Monday, February 26, 2018

Surging Interest Rates

Last week I wrote about the hysteria about rising inflation. This week I want to focus on interest rates. The story line goes something like this. The Fed has recently been raising interest rates and the Fed now plans to raise them several times next year. This increase in interest rates will pummel the economy and therefore the stock market will take a dive more powerful than a flock of pelicans in a feeding frenzy.

The below chart is useful for thinking about interest rates and recessions. Both lines are annual averages for each year. The chart goes from 1953 to 2017. The blue line is the interest rate set by the Fed. It is called the Federal Funds Rate but we can call him FFR. The red line is the rate on 10 year Treasury Bonds. Let's call that one 10TB. 10TB is usually on top of FFR but please no sexual jokes. The FFR is below most interest rates since it is known to be a measure of the cost of funds for banks and other financial institutions. These institutions lend money at a rate above FFR so as to make profits. Being a floor rate -- when the Fed raises the FFR we expect most other rates to rise too. A rising tide lifts all boats or something like that.

As the chart below shows the Fed has raised the FFR, depending on how you count them, about 12 times over those 65 years. You can also see there are 9 vertical grey bars in the chart indicating recession years.In the case of every one of those recessions you can see that they were preceded by a rise in the FFR. But notice too that this FFR/Recession relationship is less like Fred and Ethel and more like Ricky and Lucy.

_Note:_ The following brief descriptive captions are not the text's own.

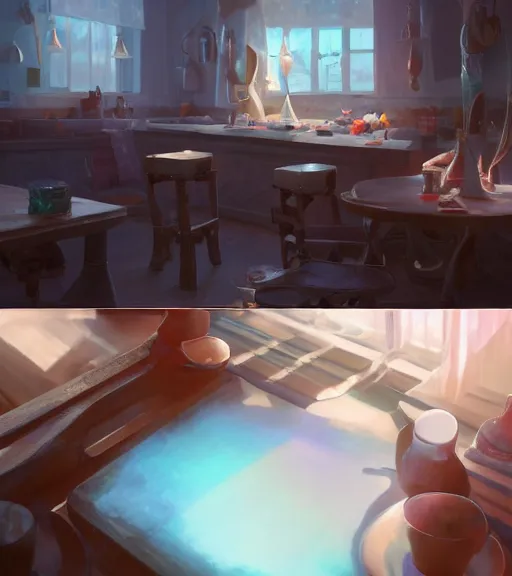 Prompt: highly detailed spilled milk on the table, unreal engine, loish, rhads, makoto shinkai and tom bagshaw, reflective global illumination, god rays, detailed and intricate environment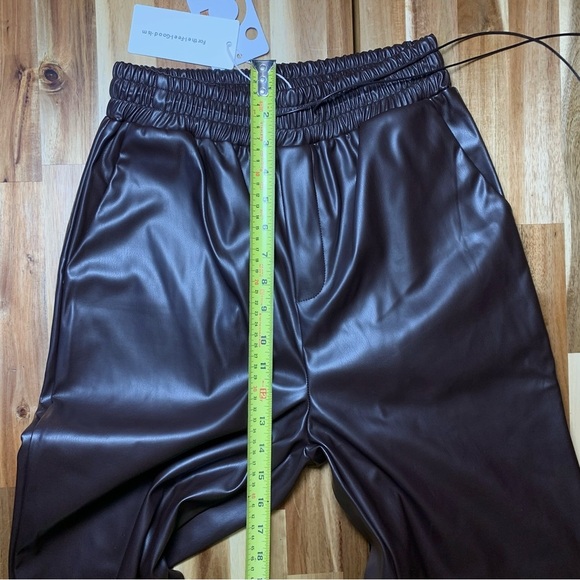 Commense Chocolate Brown Wide Leg Elastic Waist Drawstring Faux Leather Pants Sm - Picture 7 of 10
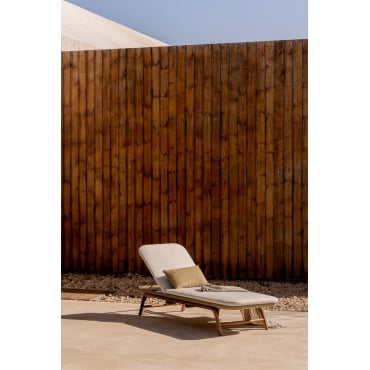 Ikaria Acaciahouten Ligstoel Stof Wit - Sklum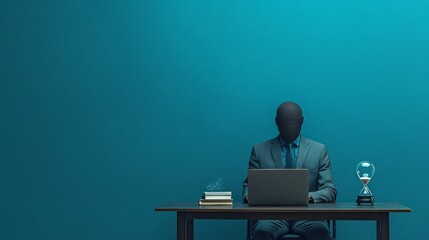 A solitary figure seated at a desk, shrouded in mystery.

That is, the relationship is highly unstable.

          It took a huge increase in the FFR from 1976 to 1980 (and then to 1982) to cause two recessions. The FFR went from 5% to more than 15% -- a tripling -- to create those two recessions.

          The 1990 recession was preceded by a rise in the FFR from 6.7% to 9.2% from 1987 to 1989. Strangely the FFR was already starting to fall before the recession hit.

          The next recession didn't start until 2001 and while the FFR doubled from about 3% to 6.2%, it took from 1993 to 2000 to increase that much. Like the recession in 1990, this one didn't last very long.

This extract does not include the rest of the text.